1 Mr. N. C. Kittermaster, Librarian of Rugby School, suggests that the trees to which Landor alludes may have been cut down to make room for four new classrooms for the School House. Neither he nor I can identify the "good-for-nothing" who cut them down.

2 Sir Ralph Abercrombie or Abercromby (1738-1801) entered Rugby in 1748 (Rugby School Register, i. 56). He was noted for his heroism and for his work in restoring discipline and integrity in the British army.

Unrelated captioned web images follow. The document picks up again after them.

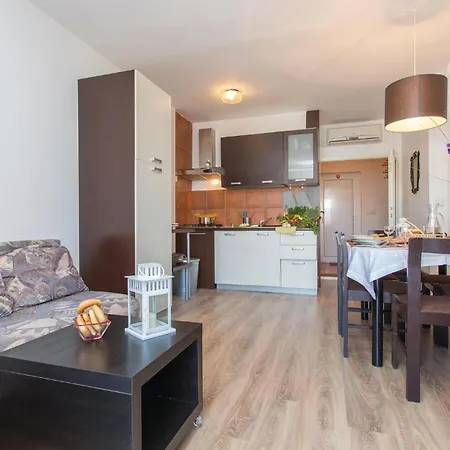 Stunning In With Kitchen בית נופש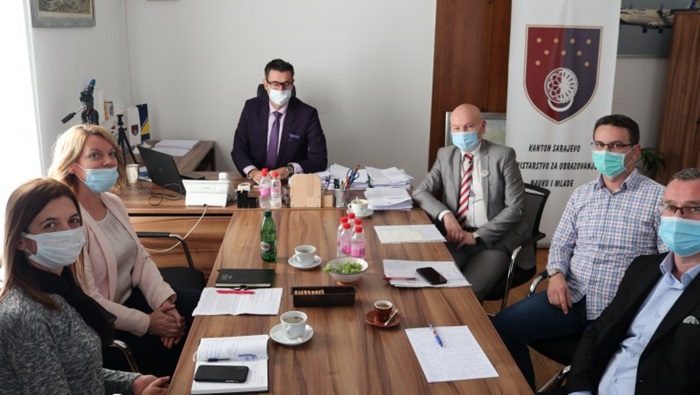 Krivić razgovarao o poboljšanju položaja sekretara srednjih škola KS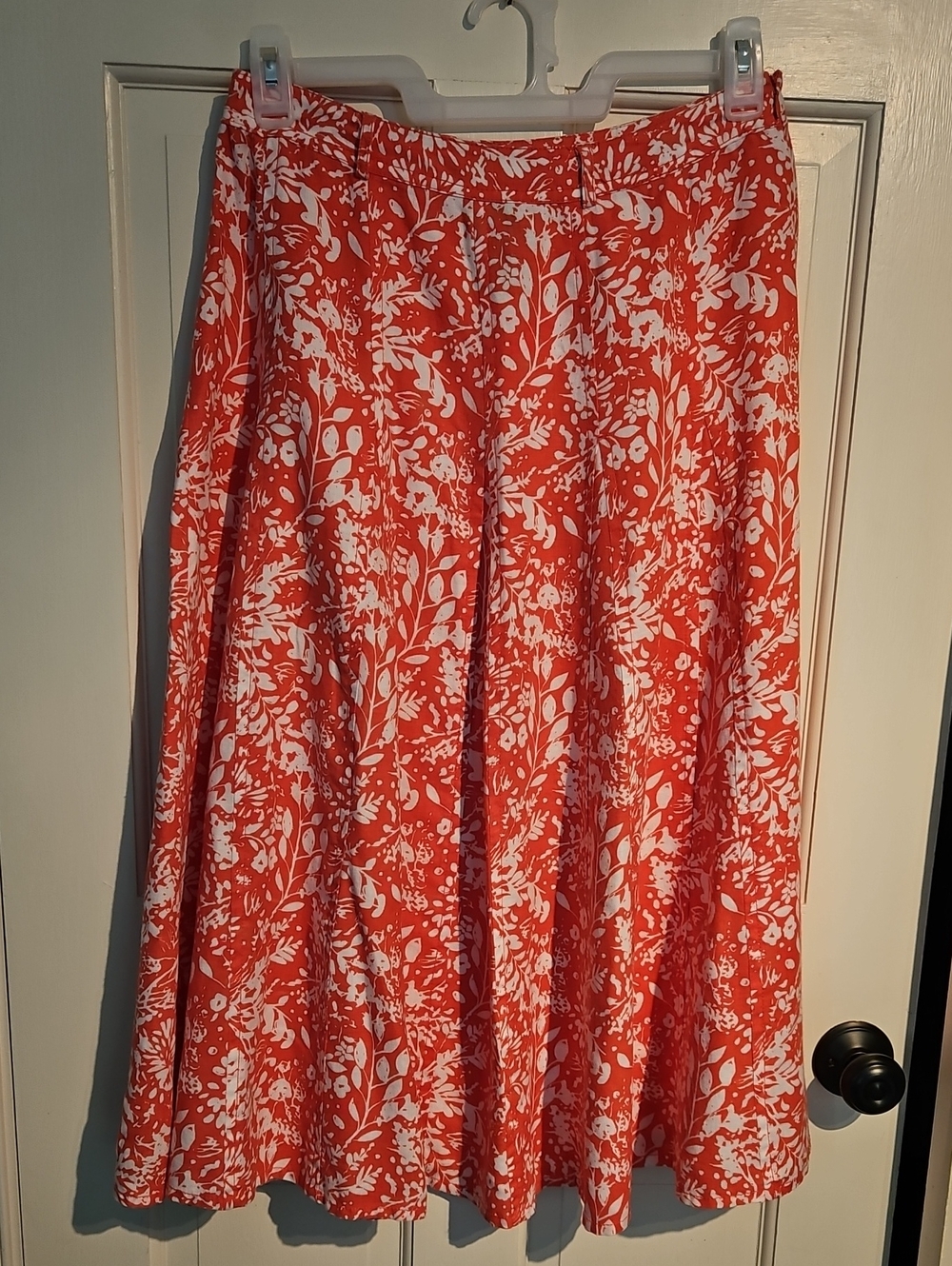 Liz Claiborne Coral and White Floral 100% Linen A-line Midi Skirt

Commander of the force sent to drive the French out of Egypt, he died from a wound received in the Battle of Alexandria.
These lines are translated (op. cit., p. 214) as follows:
Not you the ugly greed for gain did drive.
To strike the ancient trees with axe,
Like that good-for-nothing—but may the devil take him!
I see the elms I loved, at whose murmur
Sweet sleep once overcame the idler;
I see the branches torn away, the treetop stripped!
That hangdog neither knew nor cared,
When long ago he lay beneath them, for Abercrombie's head,
Long, alas! to be mourned and wreathed with the palm.
Hat tip: Eric Thomson.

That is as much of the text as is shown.